Gastbeitrag der Uelzener Bundestagsabgeordneten Anja Schulz (FDP): Schwarz-rote Schuldenberge: Wer zahlt die Rechnung?
In Berlin ringen die Fraktionen um die künftige politische Marschrichtung. Dabei spielt auch eine gewollte Neuverschuldung eine wichtige Rolle.
Lesen Sie dazu den Gastbeitrag der Uelzener Bundestagsabgeordneten Anja Schulz (FDP):
Am 13.03. hat der Bundestag über tiefgreifende Grundgesetzänderungen debattiert. Union und SPD haben sich auf ein Schuldenpaket historischen Ausmaßes verständigt. Obgleich am 23. Februar der Bundestag neu gewählt worden ist, möchte die neue Koalition noch die Mehrheitsverhältnisse im derzeitigen Bundestag nutzen, um ihr Paket zu verabschieden. Der Grund für den aller Voraussicht nach nächsten Bundeskanzler Friedrich Merz ist, dass seine künftige Koalition über keine gesicherte Mehrheit für Grundgesetzänderungen im nächsten Bundestag verfügt. Bei dem geplanten Schuldenpaket geht es zum einen darum, dass die Verteidigungsfähigkeit Deutschlands schneller hergestellt werden soll. Zum anderen wurde ein Sondervermögen zur Modernisierung der Infrastruktur beraten. Mit einer Schulden-Flatrate für Verteidigungsausgaben und zusätzlichen 500 Milliarden für die Infrastruktur soll die Schuldenbremse faktisch ausgehebelt werden.

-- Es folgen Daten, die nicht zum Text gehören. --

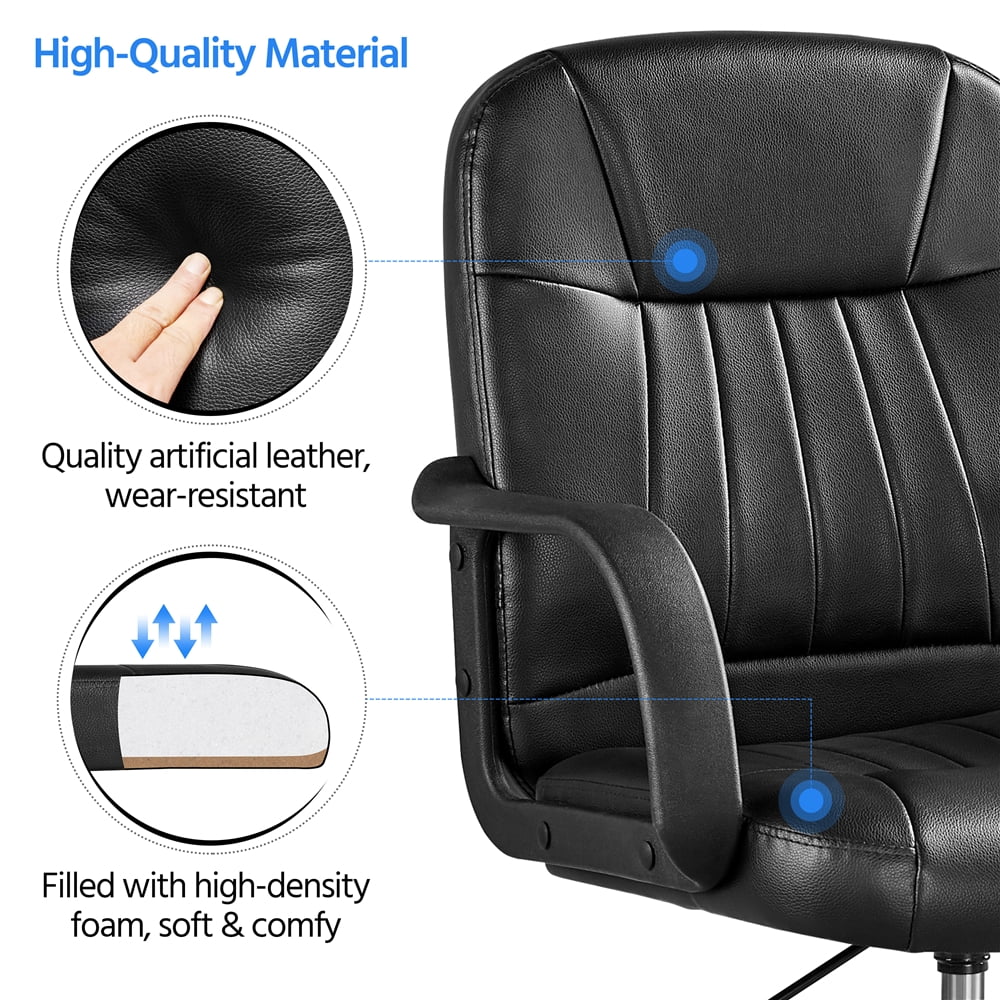 Topeakmart 2PCS Faux Leather Adjustable Swivel Office Chair for Home Office, Black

Eine bessere Ausstattung der Bundeswehr ist aufgrund der angespannten geopolitischen Lage dringend nötig. Hierfür hat die FDP-Bundestagsfraktion einen eigenen Gesetzesvorschlag eingebracht. Ich möchte mich in diesem Beitrag jedoch auf das Thema der Investitionen in die Infrastruktur beschränken.
Das 500 Milliardenpaket für die Infrastruktur ist keine bahnbrechende Lösung. Strukturreformen? Fehlanzeige. Einsparpotenziale im Haushalt? Ignoriert. Generationengerechtigkeit? Kein Thema. Stattdessen neue Schulden im Überfluss, für deren Tilgung und Zinsen unsere Kinder und Enkel teuer werden aufkommen müssen. Warum ist das so und wer trägt die Rechnung?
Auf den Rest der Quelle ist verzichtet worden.